■ **INPUT FOR THIS TASK**:
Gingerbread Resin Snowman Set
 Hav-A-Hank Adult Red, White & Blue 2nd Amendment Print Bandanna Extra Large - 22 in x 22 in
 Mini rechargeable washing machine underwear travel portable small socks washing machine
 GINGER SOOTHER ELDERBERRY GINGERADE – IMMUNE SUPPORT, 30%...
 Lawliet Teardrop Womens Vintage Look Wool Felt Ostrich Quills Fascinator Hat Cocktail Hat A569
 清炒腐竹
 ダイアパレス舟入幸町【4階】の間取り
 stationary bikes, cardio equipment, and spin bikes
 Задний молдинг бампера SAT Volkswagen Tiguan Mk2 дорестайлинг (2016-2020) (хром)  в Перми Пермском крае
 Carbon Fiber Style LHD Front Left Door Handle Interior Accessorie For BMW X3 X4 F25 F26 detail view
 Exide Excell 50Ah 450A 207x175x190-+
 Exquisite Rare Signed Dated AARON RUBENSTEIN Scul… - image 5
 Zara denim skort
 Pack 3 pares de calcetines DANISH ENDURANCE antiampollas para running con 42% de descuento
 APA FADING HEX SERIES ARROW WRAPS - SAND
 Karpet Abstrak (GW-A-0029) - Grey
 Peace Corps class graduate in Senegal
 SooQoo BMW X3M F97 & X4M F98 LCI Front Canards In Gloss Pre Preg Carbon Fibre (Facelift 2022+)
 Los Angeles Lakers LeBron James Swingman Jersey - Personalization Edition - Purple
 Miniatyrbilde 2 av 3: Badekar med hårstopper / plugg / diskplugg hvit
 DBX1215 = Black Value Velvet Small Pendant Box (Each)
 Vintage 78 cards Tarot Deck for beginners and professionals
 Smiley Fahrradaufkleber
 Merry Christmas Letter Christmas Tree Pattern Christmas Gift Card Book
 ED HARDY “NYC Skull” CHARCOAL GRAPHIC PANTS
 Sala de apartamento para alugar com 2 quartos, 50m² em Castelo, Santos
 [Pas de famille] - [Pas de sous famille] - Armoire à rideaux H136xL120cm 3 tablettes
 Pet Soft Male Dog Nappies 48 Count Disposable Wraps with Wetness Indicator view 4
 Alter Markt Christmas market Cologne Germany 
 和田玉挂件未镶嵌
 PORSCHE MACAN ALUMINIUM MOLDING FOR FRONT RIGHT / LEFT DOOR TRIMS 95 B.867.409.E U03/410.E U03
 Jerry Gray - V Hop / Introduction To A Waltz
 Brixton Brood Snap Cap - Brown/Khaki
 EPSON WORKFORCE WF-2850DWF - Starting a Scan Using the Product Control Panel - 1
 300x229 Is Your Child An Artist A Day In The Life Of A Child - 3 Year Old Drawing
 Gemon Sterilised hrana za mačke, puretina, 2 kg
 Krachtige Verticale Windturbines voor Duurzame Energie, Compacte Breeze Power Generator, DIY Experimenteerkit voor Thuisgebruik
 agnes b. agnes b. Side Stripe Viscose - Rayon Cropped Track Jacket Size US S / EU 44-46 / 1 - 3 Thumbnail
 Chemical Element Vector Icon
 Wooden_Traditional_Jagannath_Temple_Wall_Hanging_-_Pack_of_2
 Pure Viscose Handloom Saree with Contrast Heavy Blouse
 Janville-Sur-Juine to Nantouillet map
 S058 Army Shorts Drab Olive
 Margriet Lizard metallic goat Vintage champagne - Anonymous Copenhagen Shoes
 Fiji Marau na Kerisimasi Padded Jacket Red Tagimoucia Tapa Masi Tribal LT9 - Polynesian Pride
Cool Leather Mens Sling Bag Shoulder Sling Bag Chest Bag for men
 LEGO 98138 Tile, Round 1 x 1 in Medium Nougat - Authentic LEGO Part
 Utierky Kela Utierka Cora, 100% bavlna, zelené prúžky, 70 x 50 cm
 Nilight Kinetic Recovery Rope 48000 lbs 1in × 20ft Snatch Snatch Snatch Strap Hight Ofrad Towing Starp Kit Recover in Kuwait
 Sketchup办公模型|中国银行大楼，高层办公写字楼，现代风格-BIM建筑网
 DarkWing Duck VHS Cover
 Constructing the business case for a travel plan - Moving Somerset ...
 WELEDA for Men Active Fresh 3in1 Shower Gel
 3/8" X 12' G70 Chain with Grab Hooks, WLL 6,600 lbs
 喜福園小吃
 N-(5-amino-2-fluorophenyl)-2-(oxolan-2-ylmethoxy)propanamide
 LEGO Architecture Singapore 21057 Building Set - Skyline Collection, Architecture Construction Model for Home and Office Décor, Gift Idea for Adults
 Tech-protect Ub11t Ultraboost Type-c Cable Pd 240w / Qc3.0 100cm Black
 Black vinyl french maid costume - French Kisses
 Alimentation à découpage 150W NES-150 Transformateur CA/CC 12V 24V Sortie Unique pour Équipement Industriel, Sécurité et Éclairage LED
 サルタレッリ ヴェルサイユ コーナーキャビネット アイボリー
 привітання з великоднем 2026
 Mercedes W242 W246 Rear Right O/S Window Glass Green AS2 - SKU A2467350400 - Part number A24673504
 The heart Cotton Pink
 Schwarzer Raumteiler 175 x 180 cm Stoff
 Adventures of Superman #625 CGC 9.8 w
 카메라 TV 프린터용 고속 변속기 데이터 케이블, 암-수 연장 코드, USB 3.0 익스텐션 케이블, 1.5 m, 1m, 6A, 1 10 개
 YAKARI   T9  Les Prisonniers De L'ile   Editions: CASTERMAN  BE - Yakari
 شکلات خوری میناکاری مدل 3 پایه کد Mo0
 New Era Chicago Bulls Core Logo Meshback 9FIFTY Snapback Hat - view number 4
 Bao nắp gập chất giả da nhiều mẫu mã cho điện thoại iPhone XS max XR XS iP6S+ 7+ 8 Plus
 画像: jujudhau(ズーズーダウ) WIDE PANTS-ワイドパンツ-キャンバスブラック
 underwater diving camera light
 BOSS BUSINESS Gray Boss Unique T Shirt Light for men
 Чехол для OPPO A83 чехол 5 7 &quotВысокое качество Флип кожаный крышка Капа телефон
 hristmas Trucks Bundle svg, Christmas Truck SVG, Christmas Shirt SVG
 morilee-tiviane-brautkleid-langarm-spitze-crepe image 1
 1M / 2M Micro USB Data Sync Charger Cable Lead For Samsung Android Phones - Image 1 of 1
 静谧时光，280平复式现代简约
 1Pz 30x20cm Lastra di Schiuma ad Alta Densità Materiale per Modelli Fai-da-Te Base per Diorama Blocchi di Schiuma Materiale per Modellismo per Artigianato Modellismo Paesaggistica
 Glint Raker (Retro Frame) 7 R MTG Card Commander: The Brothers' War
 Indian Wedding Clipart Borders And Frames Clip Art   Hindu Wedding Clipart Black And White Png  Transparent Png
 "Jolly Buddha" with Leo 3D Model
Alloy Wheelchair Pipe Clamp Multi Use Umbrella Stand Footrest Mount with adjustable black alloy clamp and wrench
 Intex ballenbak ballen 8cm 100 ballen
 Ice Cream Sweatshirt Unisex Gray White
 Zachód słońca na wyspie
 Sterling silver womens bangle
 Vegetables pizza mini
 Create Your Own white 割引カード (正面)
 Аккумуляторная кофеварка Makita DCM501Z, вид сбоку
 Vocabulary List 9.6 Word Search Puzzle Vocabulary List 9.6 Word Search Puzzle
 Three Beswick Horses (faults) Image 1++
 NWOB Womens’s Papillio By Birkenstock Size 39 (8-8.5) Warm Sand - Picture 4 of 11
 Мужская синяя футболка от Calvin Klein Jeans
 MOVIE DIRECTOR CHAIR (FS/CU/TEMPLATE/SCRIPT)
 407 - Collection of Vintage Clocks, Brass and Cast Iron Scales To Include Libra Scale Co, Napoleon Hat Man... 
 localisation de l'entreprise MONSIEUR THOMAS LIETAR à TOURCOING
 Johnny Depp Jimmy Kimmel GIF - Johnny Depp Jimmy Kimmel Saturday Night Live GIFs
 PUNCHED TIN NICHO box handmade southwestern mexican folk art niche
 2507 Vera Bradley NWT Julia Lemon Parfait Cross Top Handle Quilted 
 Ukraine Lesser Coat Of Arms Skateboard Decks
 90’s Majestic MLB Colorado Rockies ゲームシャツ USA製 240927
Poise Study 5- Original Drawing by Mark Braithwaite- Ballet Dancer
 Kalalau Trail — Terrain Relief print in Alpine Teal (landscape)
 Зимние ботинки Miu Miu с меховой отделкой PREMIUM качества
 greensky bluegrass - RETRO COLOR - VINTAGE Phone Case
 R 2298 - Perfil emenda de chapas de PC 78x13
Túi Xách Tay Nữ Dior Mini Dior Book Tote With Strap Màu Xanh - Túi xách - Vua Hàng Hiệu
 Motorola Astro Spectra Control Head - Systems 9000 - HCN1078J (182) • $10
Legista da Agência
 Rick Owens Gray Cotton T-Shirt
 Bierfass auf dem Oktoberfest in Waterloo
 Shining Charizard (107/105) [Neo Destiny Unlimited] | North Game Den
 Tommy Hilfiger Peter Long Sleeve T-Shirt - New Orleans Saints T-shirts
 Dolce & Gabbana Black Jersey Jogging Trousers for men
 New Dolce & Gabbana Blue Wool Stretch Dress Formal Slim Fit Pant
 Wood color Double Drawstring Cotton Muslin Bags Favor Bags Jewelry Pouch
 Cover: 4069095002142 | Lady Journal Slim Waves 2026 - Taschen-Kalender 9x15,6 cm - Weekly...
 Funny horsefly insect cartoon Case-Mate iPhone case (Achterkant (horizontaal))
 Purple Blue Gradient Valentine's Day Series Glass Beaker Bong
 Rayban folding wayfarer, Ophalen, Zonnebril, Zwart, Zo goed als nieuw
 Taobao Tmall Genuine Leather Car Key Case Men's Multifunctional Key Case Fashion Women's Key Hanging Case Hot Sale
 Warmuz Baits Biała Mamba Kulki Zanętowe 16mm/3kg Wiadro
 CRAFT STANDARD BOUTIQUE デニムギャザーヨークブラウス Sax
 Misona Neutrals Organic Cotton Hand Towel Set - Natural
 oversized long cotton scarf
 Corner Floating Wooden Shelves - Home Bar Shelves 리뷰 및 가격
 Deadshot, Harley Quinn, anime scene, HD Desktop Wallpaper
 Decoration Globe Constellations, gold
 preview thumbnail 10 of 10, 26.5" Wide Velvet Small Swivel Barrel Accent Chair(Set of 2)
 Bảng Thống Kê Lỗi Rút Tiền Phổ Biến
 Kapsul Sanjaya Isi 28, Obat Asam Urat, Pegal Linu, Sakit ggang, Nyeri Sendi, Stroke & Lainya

■ **WORK REQUIRED**:
Take each line of the material above that holds the string "Christmas" and copy it.

■ **REPLY TO THE TASK**:
 Merry Christmas Letter Christmas Tree Pattern Christmas Gift Card Book
 Alter Markt Christmas market Cologne Germany 
 hristmas Trucks Bundle svg, Christmas Truck SVG, Christmas Shirt SVG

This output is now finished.